Hollus todavía era visible, de pie junto a mí. Pocos de los animales que podía ver tenían el mismo modelo corporal que él, aunque en aquellos que sí lo tenían, los ocho miembros no se diferenciaban: todos se usaban para la locomoción; ninguno para la manipulación. Pero la mayor parte de las formas de vida parecían tener cinco miembros, no ocho —presumiblemente eran los pentápodos ectotérmicos a los que Hollus se había referido—. Algunos de los pentápodos tenían patas enormemente largas, elevando los torsos a gran altura. Otros tenían miembros tan cortos que los torsos se arrastraban por el suelo. Vi, asombrado, cómo un pentápodo empleaba sus cinco patas para dejar inconsciente a un octópodo a patadas, luego hacía descender su torso, que aparentemente tenía una boca por debajo, sobre el cuerpo.

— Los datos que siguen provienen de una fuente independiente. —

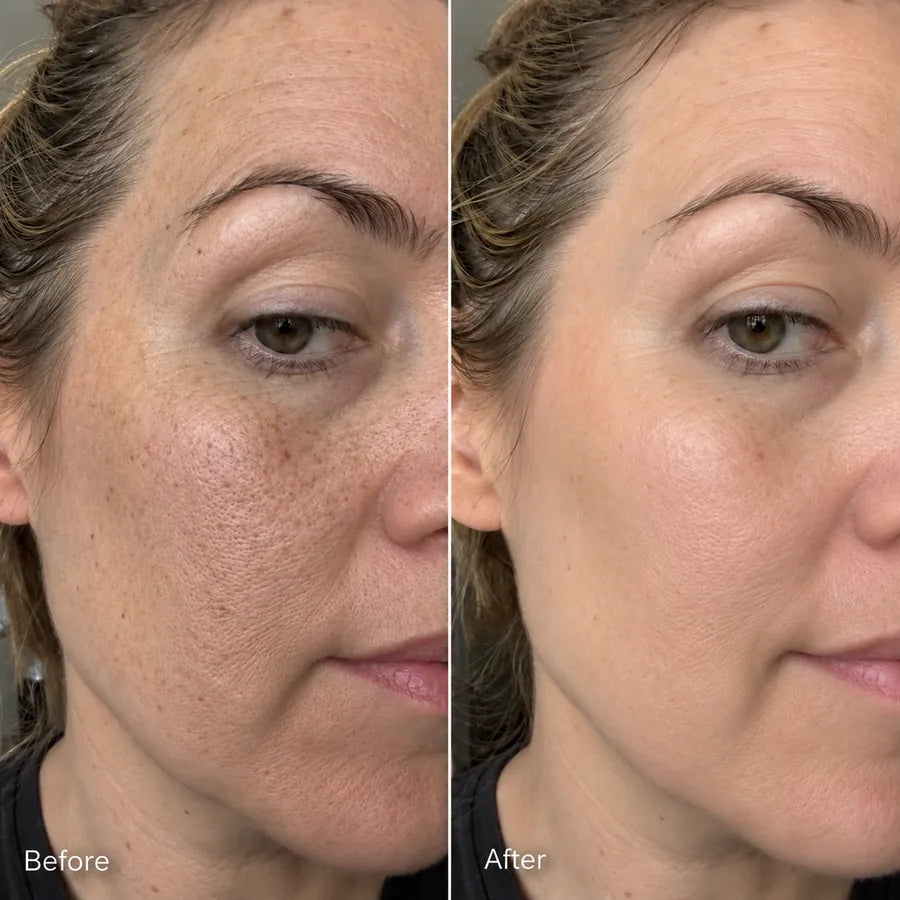 Before and after mature skin pore texture skincare result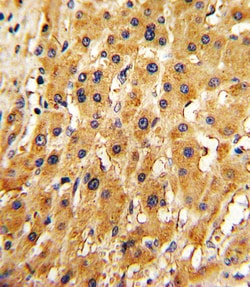 Invitrogen APRT Polyclonal Antibody 400 &mu;L; Unconjugated:Antibodies,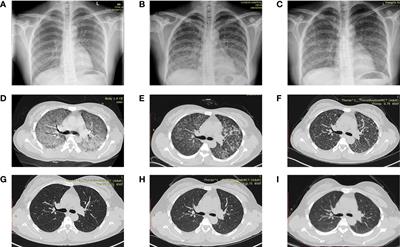 Analysis of Clinical Features and Risk Factors in Pregnant Women With Miliary Pulmonary Tuberculosis After In Vitro Fertilization Embryo Transfer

No volaba nada en el cielo azul, aunque vi pentápodos que llamé «parasoles» con membranas extendidas entre cada uno de sus cinco miembros. Se lanzaban como en paracaídas desde los árboles, capaces aparentemente de controlar el descenso acercando o separando los miembros; parecía que su propósito era aterrizar sobre las partes traseras de pentápodos u octópodos, matándolos con dientes ventrales venenosos.
Ninguno de los animales que vi tenía pedúnculos oculares como Hollus; me pregunté si habrían evolucionado posteriormente para permitir específicamente que un animal pudiese ver si un parasol aguardaba para arrojársele encima. Después de todo, la evolución era una carrera de armamentos.
—Es increíble —dije—. Un ecosistema totalmente extraterrestre.
Supongo que Hollus se divertía.
—Así es cómo me sentí yo cuando llegué aquí. Aunque había visto otros ecosistemas, no hay nada más asombroso que encontrarse con un conjunto nuevo de formas de vida, y ver cómo interaccionan. —Hizo una pausa—. Como he dicho, éste es mi mundo tal y como habría sido hace setenta millones de años. Cuando se produzca la próxima extinción, los pentápodos serán eliminados.
Observé cómo un pentápodo de tamaño medio atacaba a un octópodo ligeramente más pequeño. La sangre era tan roja como la sangre terrestre, y los gritos de la criatura moribunda, aunque tenían dos tonos, surgiendo alternativamente de bocas separadas, sonaban igualmente aterrados.
Parecía que no querer morir era otra constante universal.